I wanted to know the effect the coming in of a new president has had on the
general populace and what the general attitude towards him was? I was also
keen to know the lessons that could be learnt from the transition and the
things that can’t be taken for granted when change happens?

So many questions, the answers all embargoed in a concrete language barrier!

Then I had a brainwave; there was Trudy Stevenson, our ambassador to
Senegal, playful, talkative and otherwise quite disinterested in her
discourse! But as journos would know, it’s very difficult to get anything
that would shake the world from a diplomat unless one can really read
between the lines of diplomatic-speak.

But I was able to glean interesting anecdotes from her and also from the
people on the market, who in their attempt to con me out of the little money
I had, gave me snippets of what was going on in Senegal.

President Macky Sall’s honeymoon is over!

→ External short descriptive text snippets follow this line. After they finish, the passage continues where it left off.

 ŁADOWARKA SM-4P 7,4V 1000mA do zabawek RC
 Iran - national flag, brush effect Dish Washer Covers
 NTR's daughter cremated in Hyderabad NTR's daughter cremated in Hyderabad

Not fast, it’s only been six
months! Yes. Six months is what history gives to those who would wish to
change the world. The euphoria of change has dissipated and criticism is
coming in thick. Sall’s detractors accuse him of nepotism and sloth, the two
vices most responsible for Africa’s woes.

Senegal remains a country of contrasts and contradictions, as do the
majority of our countries here in Africa. So Dakar has magnificent high-rise
buildings and architectural prize-winners with splendid views over the coast
and ocean, but just next door in the same Dakar are the slums of Pikine and
Guediawaye, where sheep, goats, rats, flies and fleas graze on the garbage
thrown out by entire families living in one room.

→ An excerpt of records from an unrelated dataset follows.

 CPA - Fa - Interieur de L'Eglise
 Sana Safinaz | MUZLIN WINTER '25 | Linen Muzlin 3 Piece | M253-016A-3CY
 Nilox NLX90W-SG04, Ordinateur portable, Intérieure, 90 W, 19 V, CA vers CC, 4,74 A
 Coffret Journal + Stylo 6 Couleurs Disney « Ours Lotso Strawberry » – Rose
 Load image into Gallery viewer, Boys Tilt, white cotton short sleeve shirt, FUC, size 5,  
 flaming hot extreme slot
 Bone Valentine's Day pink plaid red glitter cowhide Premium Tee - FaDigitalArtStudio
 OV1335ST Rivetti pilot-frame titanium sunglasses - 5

Sall embodied change, in this election, and everyone wanted change. But as
he has proceeded to appoint relatives and close associates to key positions
in both government and parastatals people are beginning to ask the obvious
question — is this really change?

Analysts believe he is doing his best to keep his promises, but the
circumstances are not favourable — so he has had to face reality and be
pragmatic. What has impressed commentators, apart from the election itself
and the peaceful transition, is the extent to which the new “opposition”
president has retained the previous institutions and eminent citizens in all
their various positions in exactly the same positions. This, they argue,
ensures institutional memory and hand-down. Is this a lesson Zimbabwe can

What is clear in the people’s body language is that they were extremely
reinvigorated by the change in their sense of patriotism and their immense
pride in their country for managing that change so well — they frequently
cite Senegal as the best democracy in Africa, and the Senegalese as the most
democratic and tolerant.

While other predominantly Moslem countries erupted into rebellion recently
over the Innocence of Islam video, Senegal didn’t. Senegalese insist that
Islam preaches tolerance and peace. This was proof enough of this.

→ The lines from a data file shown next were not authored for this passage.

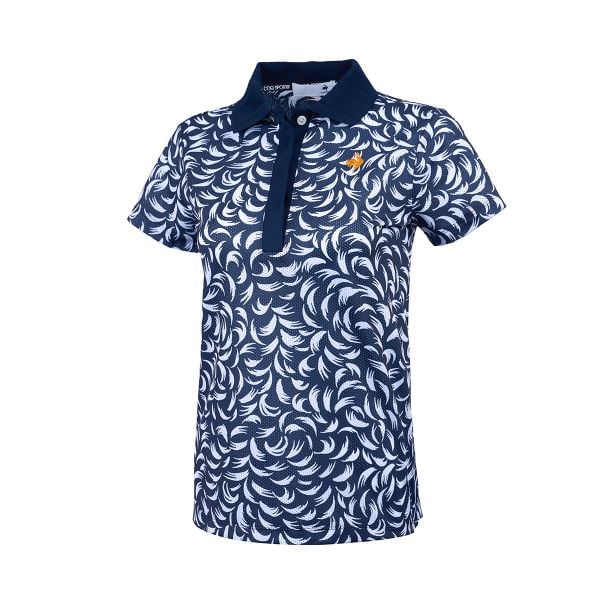 Áo polo golf nữ Le Coq LG5SHS12LV màu navy dáng chữ A nhẹ nhàng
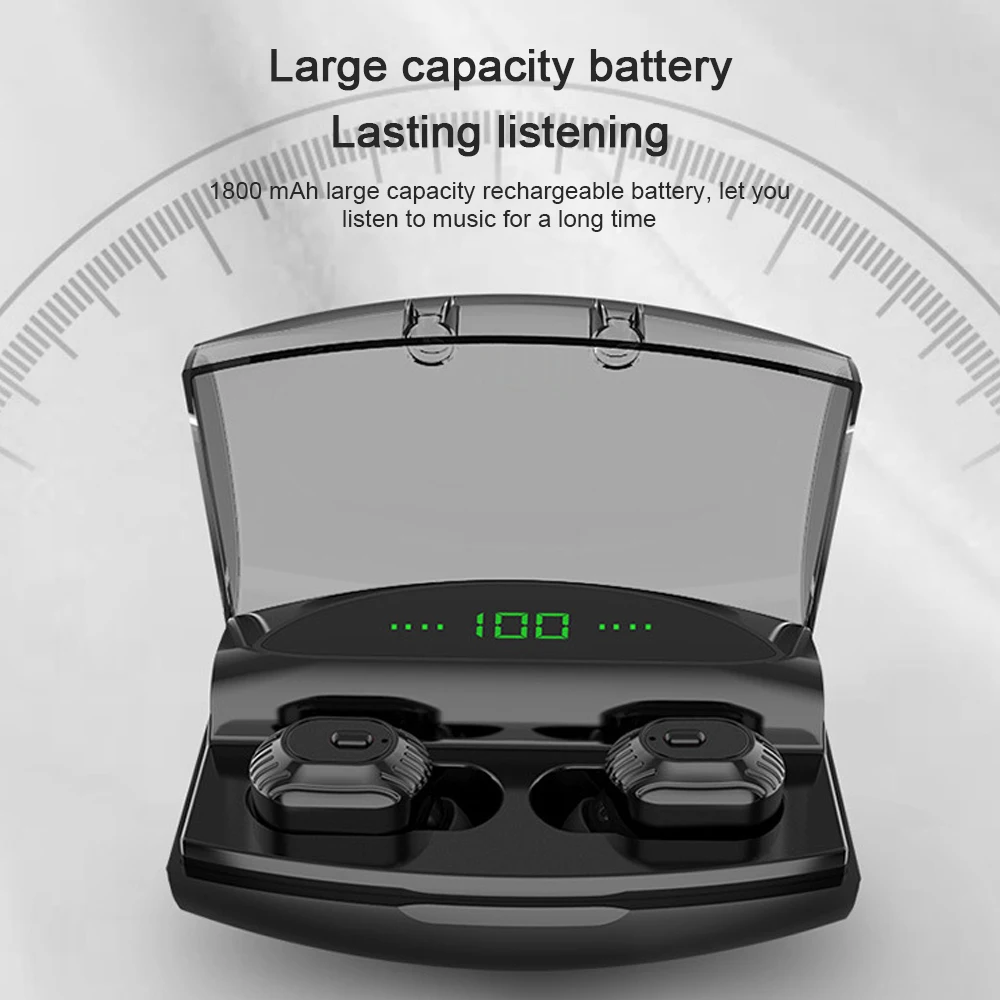 XG20 TWS Wireless Earphone Bluetooth Headphones LED Power Display Mini Sport 8D Stereo Earbuds Headset with 2200mAh Charging Bin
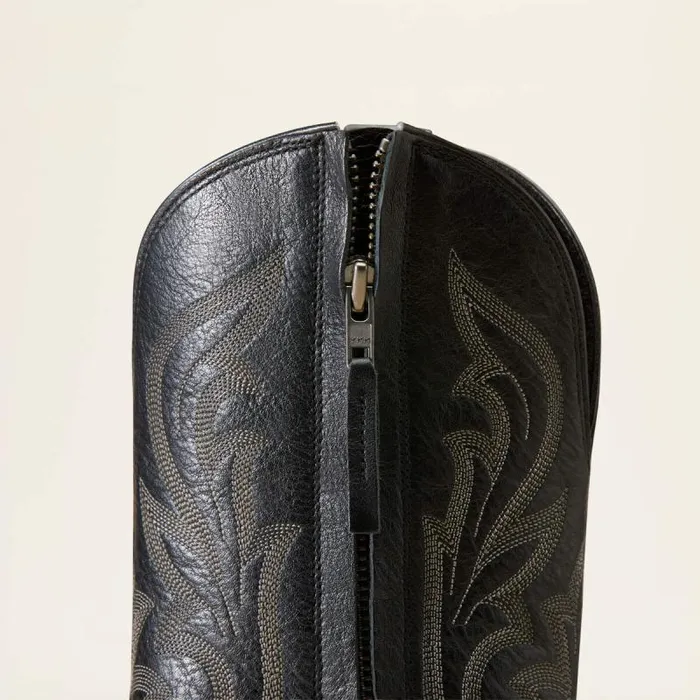 Men Western Boots Ariat Slim Zip Ultra Western Boot Black Deertan Men Western Boots Ariat Slim Zip Ultra Western Boot Black Deertan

Perhaps the most important lesson from the Senegal transition is that a
highly educated, professional and apolitical security sector is vital.
Senegal’s generals are highly professional — they don’t dabble in politics
and are proud of it. But, it was amazing how many of former President Wade’s
closest allies appointed to high posts by Wade himself abandoned him either
immediately before or immediately after the second round. Forget about our
own generals causing trouble when Robert Mugabe loses; they will be the
first to abandon ship and salute Morgan Tsvangirai, such is fickleness of
human nature!

Another lesson — it is important that the defeated president has somewhere
to go outside the country, at least for the first few months after the
change, without appearing to be fleeing.

Civil society played a huge part in managing the change — and they need to
be allowed to do that. It was largely thanks to civil society that there was
no violence. Another aspect of the Senegal election — many of the
politicians are highly qualified professionals with their own resources.
They also openly fund-raise in the west — in US, France and Canada in
particular — and this is accepted as perfectly normal. Linked to that, the
military and the civil servants seem sufficiently well-paid that they are
not dependent on hand-outs or kick-backs from government.